Saturday, July 21, 2007

Interesting

So, Cody ( my amazingly random brother who i love with all my heart) has been talking to me about God lately. For the longest time i was so worried that he was so far from God that he would never come back, but i think i was missing it the entire time. He is trying to find God in a way that many of us are afraid to try. He is digging really deep and cutting out the whole religion thing. A month or so ago, we had this entire evening together where we talked about where he was on a spiritual level. IT it fascinating! He started talking to me about how the problem with religion is that everyone is constantly trying to judge their ways against each others, instead of seeing that God wired us differently and to worship differently. Though this was something out of the ordinary for me to think about, i started thinking about this. What if our God is so big that he is seen in so many different forms. Though our entire lives we have been brought up to go to church, say certain things, and believe certain ways... we are really supposed to discover it ourselves. Cody is not against faith, he is opposed to how religion constantly puts people against each other, thus taking our eyes from the important part!

Another interesting thing that i have been wrestling with has been ... how the entire point of life is to love. Honestly.. we are just supposed to love. So what if we stopped teaching other people that our way of belief is right and just teach people to love. because at the root end of all things.. God calls us to Love. IF love opens the doors for people to see that the God we worship is filled with grace, mercy, and forgiveness... then we don't have to use words. WE can preach through our actions and not through strife. I chose to believe that i was not called here to go to the Nations and take my God, but to go to the Nations and point out the amazing love of God and all the places that He is already present, that often times people miss.

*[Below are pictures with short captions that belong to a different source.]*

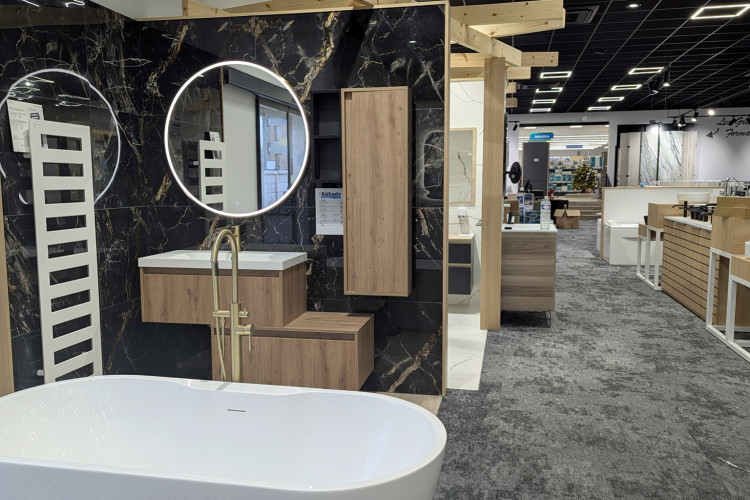 Magasin de salle de bain Schmitt-Ney SFCP Neuilly-sur-Marne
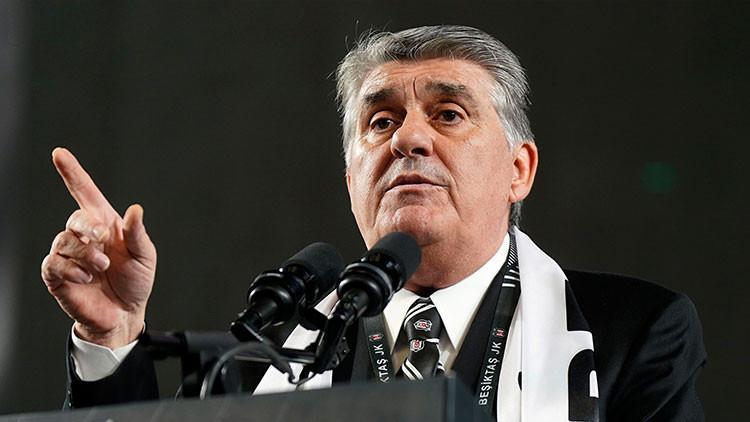 Beşiktaş Başkanı Serdal Adalı’dan müjde! 3 transferi açıkladı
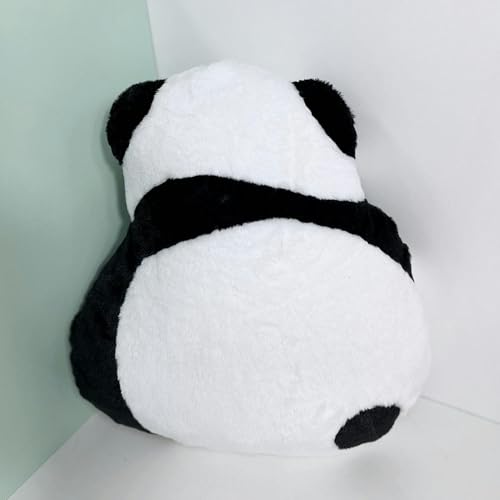 LfrAnk Niedliche Panda Kissen Plüschtier Puppe Panda Puppe Kinder Ragdoll Geburtstagsgeschenk 30CM 1 von LfrAnk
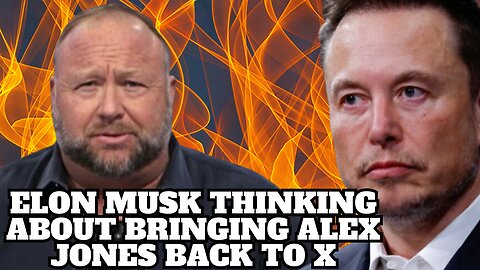 Elon considers bringing Alex Jones back to X | Hunter Got $4.9M From Hollywood Lawyer & Biden Donor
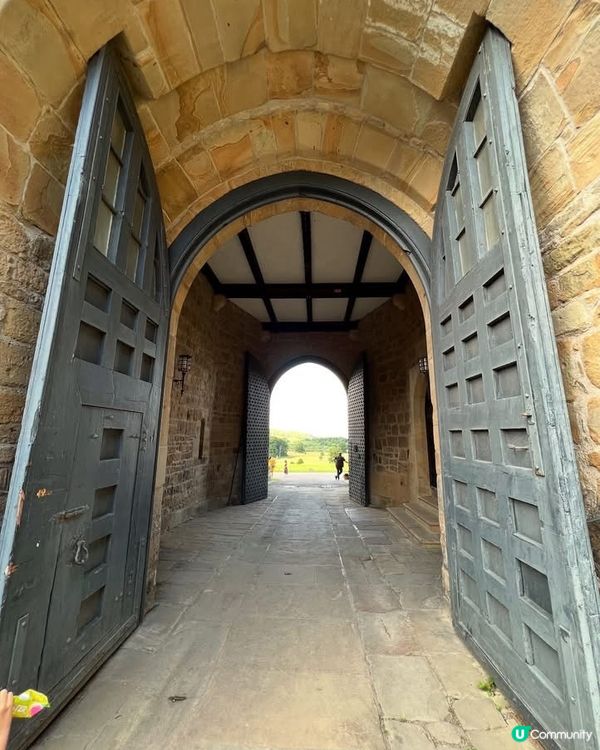 『英國』遊走威爾斯七百年歷史古堡｜Chirk Castle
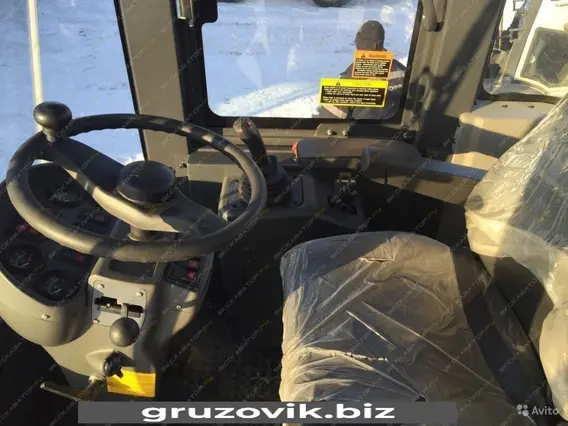 Фронтальный погрузчик DISD SD200N 2018 года б/у фото 4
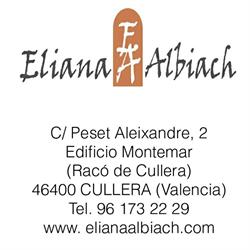 Horario de apertura Eliana Albiach, Cullera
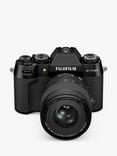 Fujifilm X-T50 Compact System Camera with XF 16-50mm Lens, 6K/4K Ultra HD, 40.2MP, Bluetooth, OLED EVF, 3” LCD Tilting Touch Screen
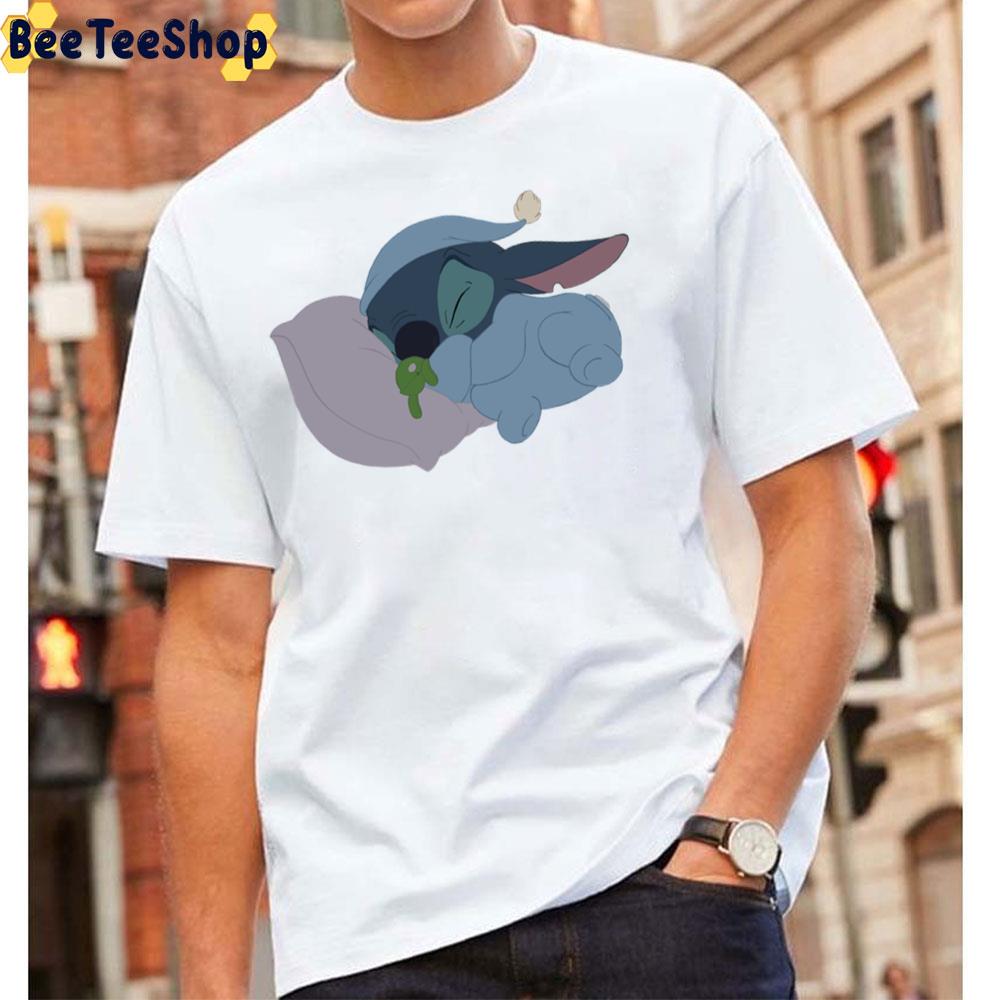 Stitch Sleeping Unisex T-Shirt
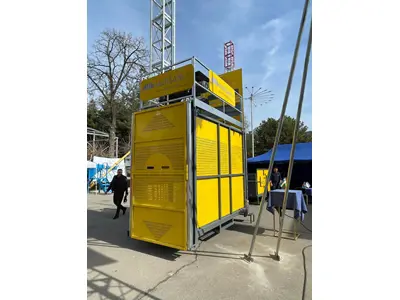 Construction Hoist, Material Hoist, Industrial Elevators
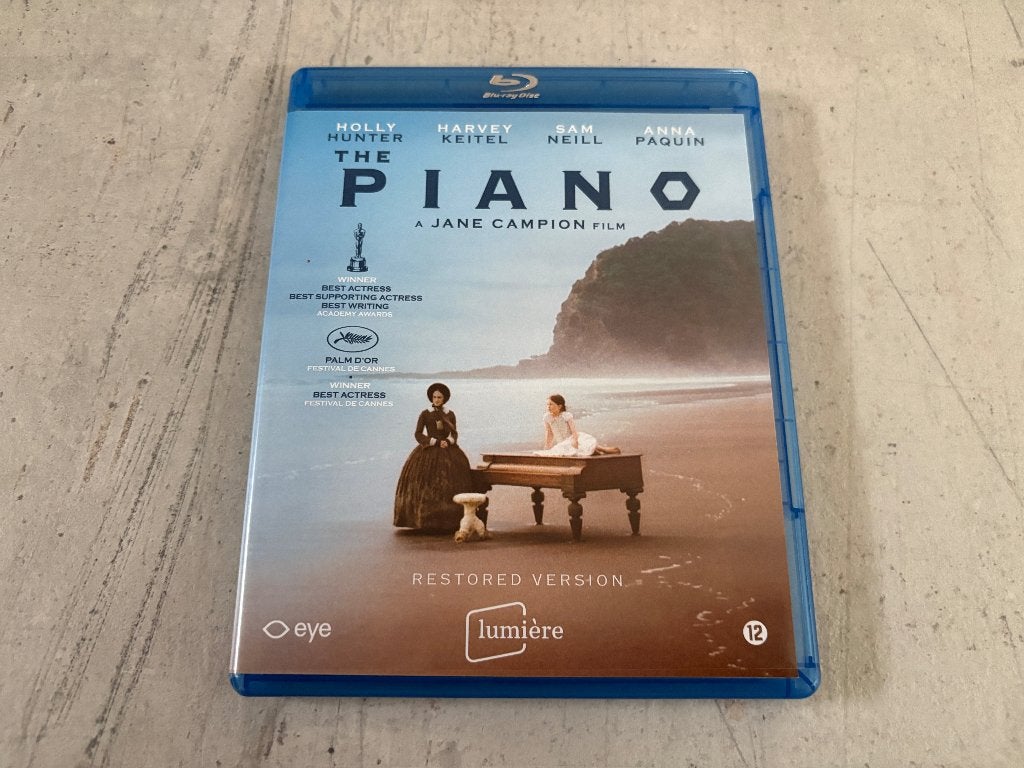 The Piano Blu Ray, Ophalen of Verzenden, Zo goed als nieuw, Blu-ray, Nederlands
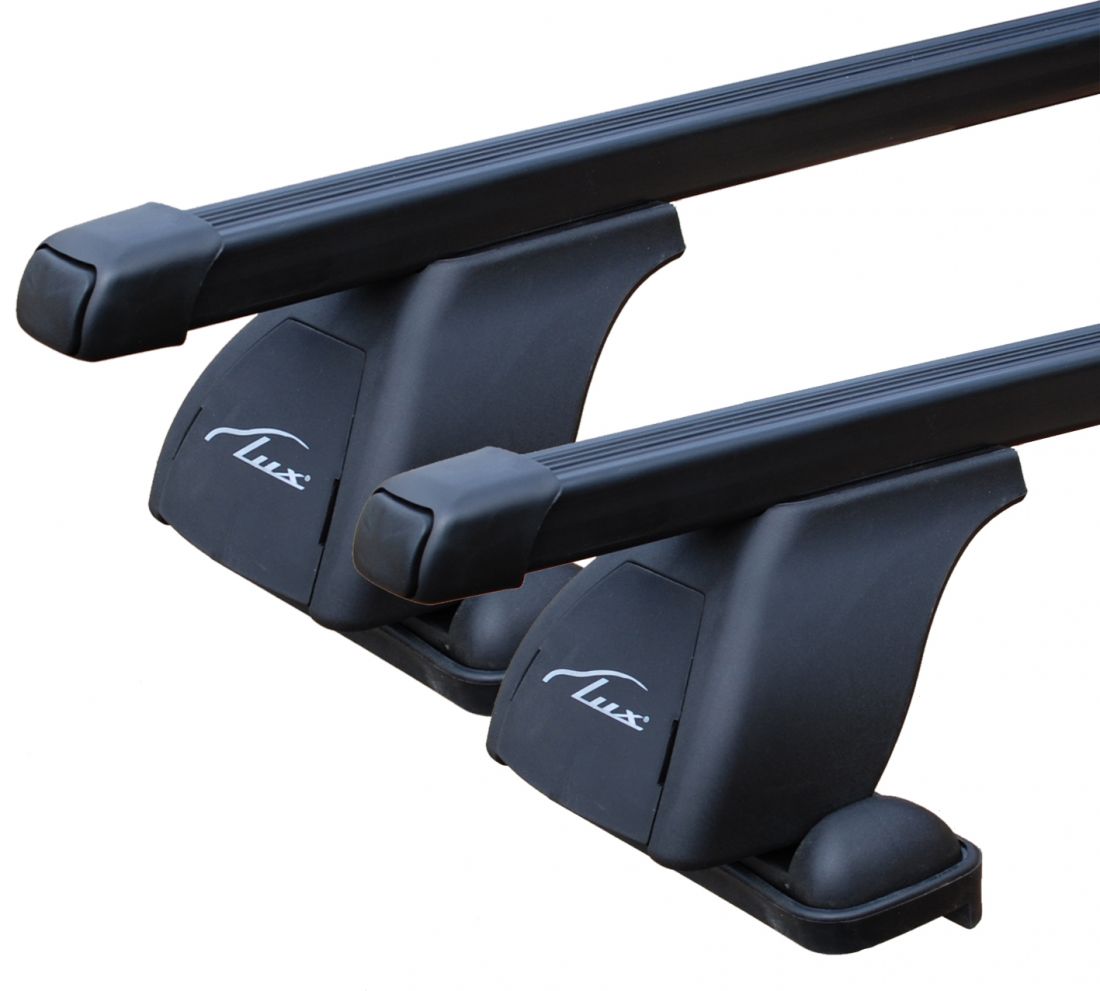 Багажник на крышу "LUX" с дугами 1,3м прямоугольными для а/м Mazda CX-7 2006-... г.в.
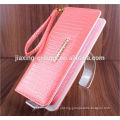 New fashion leather woman pvc evening bag with zipper closure.OEM orders are welcome.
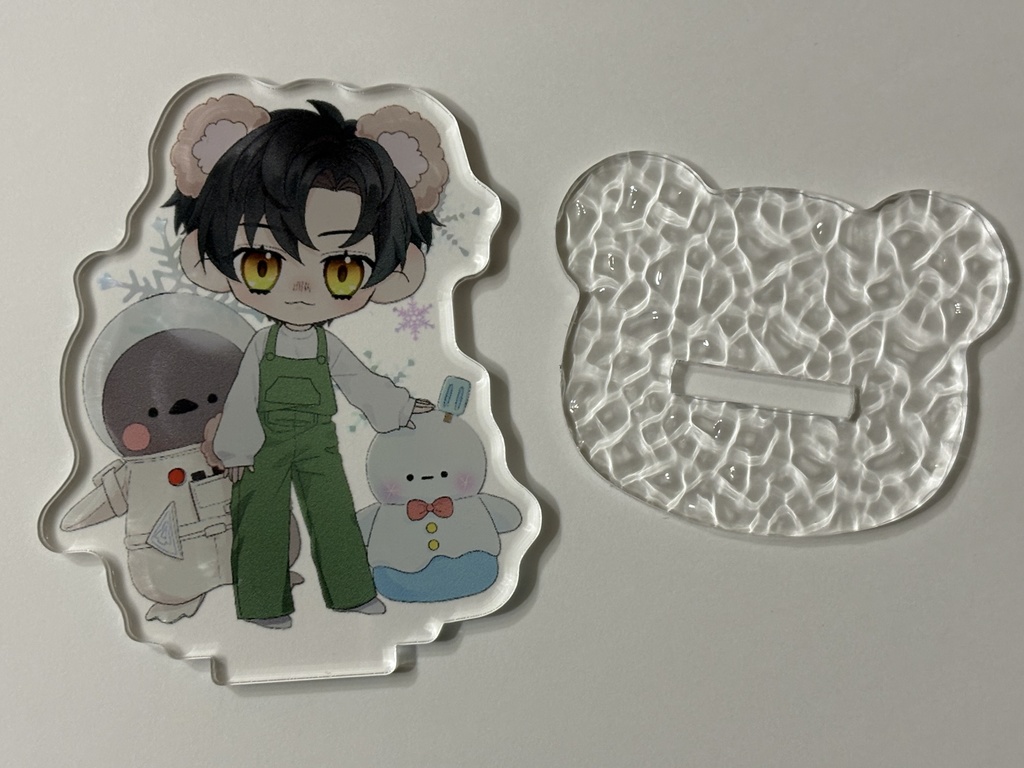 くまちゃんアクスタ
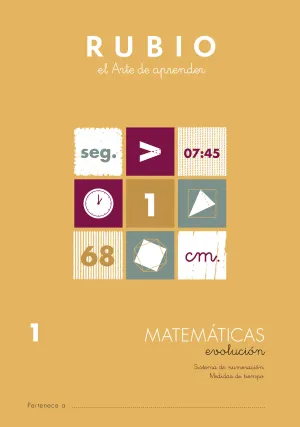 Matematicas Evolucion Rubio 01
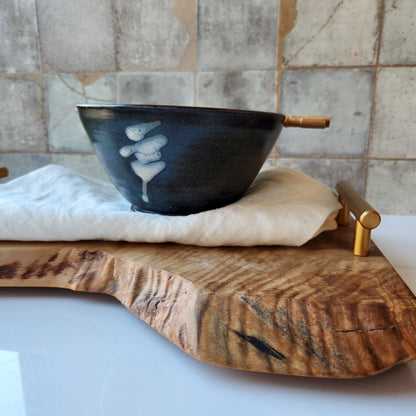 Noodle Bowl by Otis Pottery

I guess my mind has been going in so many different directions lately, and i feel a lot of life i have been striving to be the perfect Christian, when i am on a journey like no other. I love going to a small school, where people love on each other... but at times it is hard to be there. It is hard to hear everyone talking about how we are a school filled with mission, yet we are not using our hands. Where in Riverside have we left our mark? Yeah, so we are nice and polite.. whoopdido! We are so much more than that! Where have we left love? Where have we gotten out of our bubble and stopped worrying so much about the CBU relationships? There are so many homeless, lonely, poor, lost people! We don't need to use big words and try to through the bible in their face! We need to extend a hand and give our time. Now, i am not blaming everyone else, but starting with myself. I have let 2 years go by without really doing anything myself.

I feel this summer has been a really rocky and wild ride for me, just on this personal journey.... so now, as this summer starts to come to a close... i am starting to gear up. I am stomping on the past 2 years.. as a good time of learning, but seeing things i wanna change as well.